United States District Court, E.D. Washington

January 6, 2015

CAROLYN W. COLVIN, Commissioner of Social Security, Defendant.


JOHN T. RODGERS, Magistrate Judge.

BEFORE THE COURT are cross-Motions for Summary Judgment. ECF Nos. 16, 17. Attorney Dana C. Madsen represents Plaintiff, and Special Assistant United States Attorney Christopher J. Brackett represents the Commissioner of Social Security (Defendant). The parties have consented to proceed before a magistrate judge. ECF No. 10. After reviewing the administrative record and the briefs filed by the parties, the court GRANTS Defendant's Motion for Summary Judgment and DENIES Plaintiff's Motion for Summary Judgment.


On April 18, 2011, Plaintiff filed both a Title II application for a period of disability and disability insurance benefits and a Title XVI application for supplemental security income. Tr. 22; 216. In both applications, Plaintiff alleged disability beginning June 30, 2001. Tr. 22; 195. Plaintiff reported that she was unable to work due to back problems, surgeries, arthritis, depression, and mental issues. Tr. 195. Also, on the application she stated that she stopped working so she could raise her son. Tr. 195. Plaintiff's claims were denied initially and on reconsideration, and Plaintiff requested an administrative hearing. Tr. 22; 72-156.

On March 5, 2012, Administrative Law Judge Marie Palachuk presided over a hearing at which medical expert Marian F. Martin, Ph.D., medical expert Darius Ghazi, M.D., vocational expert Deborah LaPoint, and Plaintiff, who was represented by counsel, testified. Tr. 39-71. At the hearing, Plaintiff amended her alleged onset date to April 18, 2011. Tr. 44. On April 4, 2013, the ALJ issued a decision finding Plaintiff not disabled. Tr. 22-34. The Appeals Council declined review. Tr. 1-4. The instant matter is before this court pursuant to 42 U.S.C. § 405(g).

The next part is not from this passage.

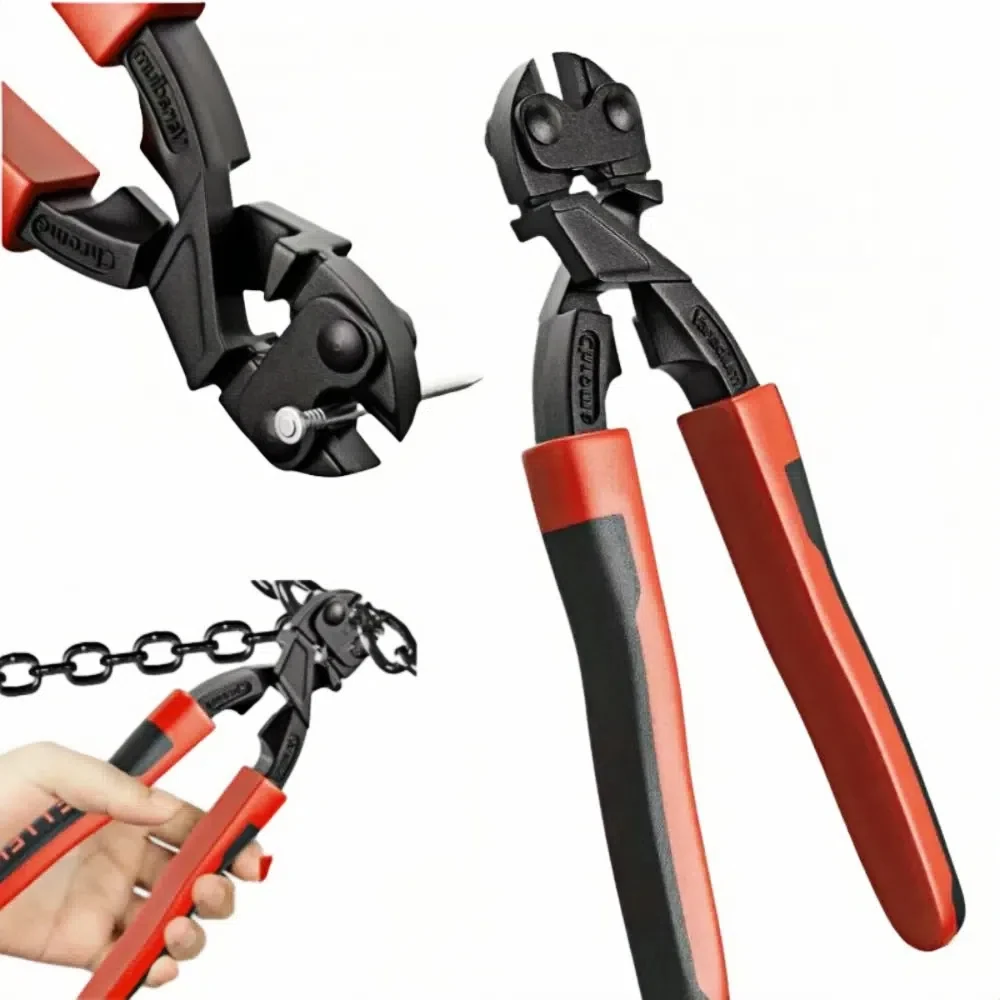 

Durable Mini Steel Wire Pliers Heavy Duty Labor-saving Wire Breaker Strong Multi-functional Bolt Pliers Construction Work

The facts have been presented in the administrative hearing transcript, the ALJ's decision, and the briefs of the parties and, thus, they are only briefly summarized here. At the time of the hearing, Plaintiff was thirty-eight years old, and lived with her boyfriend and his son. Tr. 56; 186. She was divorced and had one adult child. Tr. 56-57. Plaintiff obtained a GED, and she attended one year at Apollo College, where she studied to be a veterinary assistant. Tr. 56-57. In the past, Plaintiff worked at various call centers, at the Humane Society, and as a manual laborer. Tr. 57-58.

At the hearing, Plaintiff said her back pain is severe and her abdomen hurts. Tr. 59. She said her sleep is interrupted after just a few hours because of back pain. Tr. 60. She said she can walk about one block, stand for about ten minutes, and she can sit for about 20 minutes before she starts experiencing pain. Tr. 61-62.

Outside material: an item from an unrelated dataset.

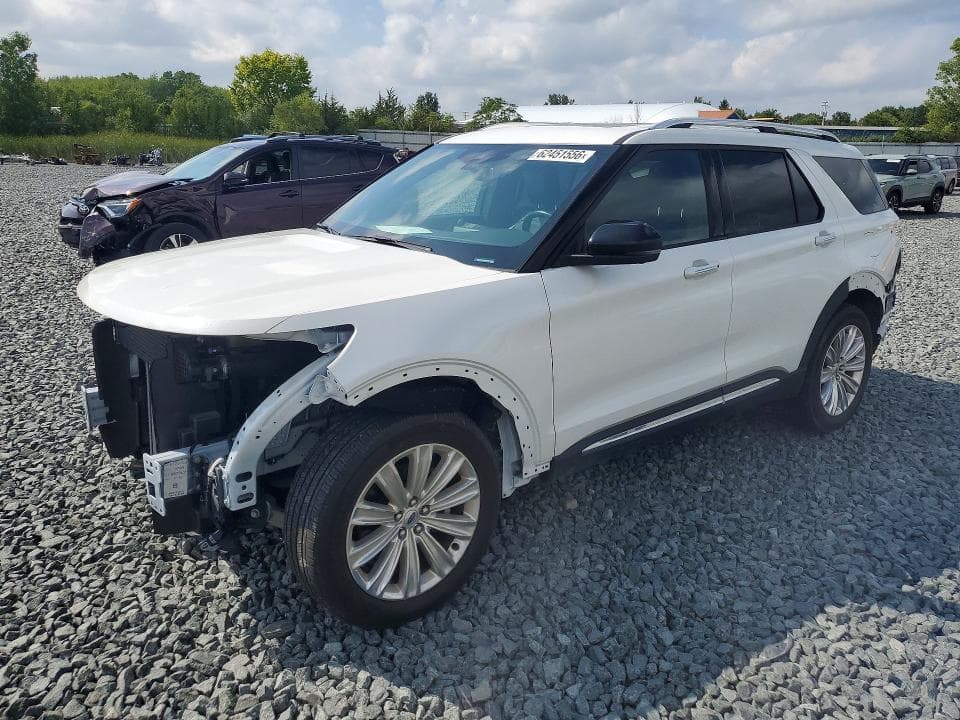 2020 FORD EXPLORER LIMITED - 1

Plaintiff testified that she is able to clean the dishes and run the laundry. Tr. 64. She spends most of her day lying down, watching television or reading. Tr. 64-65.


The ALJ is responsible for determining credibility, resolving conflicts in medical testimony, and resolving ambiguities. Andrews v. Shalala, 53 F.3d 1035, 1039 (9th Cir. 1995). The ALJ's determinations of law are reviewed de novo, with deference to a reasonable construction of the applicable statutes. McNatt v. Apfel, 201 F.3d 1084, 1087 (9th Cir. 2000). The decision of the ALJ may be reversed only if it is not supported by substantial evidence or if it is based on legal error. Tackett v. Apfel, 180 F.3d 1094, 1097 (9th Cir. 1999). Substantial evidence is defined as being more than a mere scintilla, but less than a preponderance. Id. at 1098. Put another way, substantial evidence is such relevant evidence as a reasonable mind might accept as adequate to support a conclusion. Richardson v. Perales, 402 U.S. 389, 401 (1971). If the evidence is susceptible to more than one rational interpretation, the court may not substitute its judgment for that of the ALJ. Tackett, 180 F.3d at 1097; Morgan v. Commissioner of Social Sec. Admin., 169 F.3d 595, 599 (9th Cir. 1999). Nevertheless, a decision supported by substantial evidence will still be set aside if the proper legal standards were not applied in weighing the evidence and making the decision. Brawner v. Secretary of Health and Human Services, 839 F.2d 432, 433 (9th Cir. 1988). If substantial evidence supports the administrative findings, or if conflicting evidence supports a finding of either disability or non-disability, the ALJ's determination is conclusive. Sprague v. Bowen, 812 F.2d 1226, 1229-1230 (9th Cir. 1987).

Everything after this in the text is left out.